Seeing as I have both CNG and LPG I think I'm in a position to comment on this, though my CNG is very new, and I have a season with the LPG equipment. I think the blanket statements like those above do a dis-service to anyone who is trying to learn the differences, and go to alternative fuels. How about some fact and experience rather than conjecture about the differences. If someone is reading the forum, they may just dismiss CNG because of your baseless statements rather than take the time to learn. The upfront cost for all of the alternative fuel infrastructure is high, and until people figure out how to get the cost down through experience, discussion and acceptance of a unified standard it is going to continue as a niche market.

GreenI.A.
10-07-2011, 12:43 PM
That is just plain wrong.

I just installed a CNG fill station for my shop. The cost was no where near $900,000. Heck, my propane filling station was more than $20,000. That $20,000 you quote barely would pay for my LPG tank.
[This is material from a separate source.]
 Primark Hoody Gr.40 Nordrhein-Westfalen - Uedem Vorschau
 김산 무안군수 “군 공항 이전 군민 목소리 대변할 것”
The bulk of the cost for my CNG station was also subsidized by the gas utility. The cost per gallon of CNG is somewhere around $1.00 versus $1.76 for propane. I'm not quite sure where you get a 40 mile range on CNG, my Freightliner has a much longer range than 40 miles seeing as I drove it 130 miles to my upfitter and it's coming home on the same fill. If I bought a Civic CNG it would certainly go farther than 40 miles per fill up even with the slow fill station in a garage.

Seeing as I have both CNG and LPG I think I'm in a position to comment on this, though my CNG is very new, and I have a season with the LPG equipment. I think the blanket statements like those above do a dis-service to anyone who is trying to learn the differences, and go to alternative fuels. How about some fact and experience rather than conjecture about the differences. If someone is reading the forum, they may just dismiss CNG because of your baseless statements rather than take the time to learn. The upfront cost for all of the alternative fuel infrastructure is high, and until people figure out how to get the cost down through experience, discussion and acceptance of a unified standard it is going to continue as a niche market.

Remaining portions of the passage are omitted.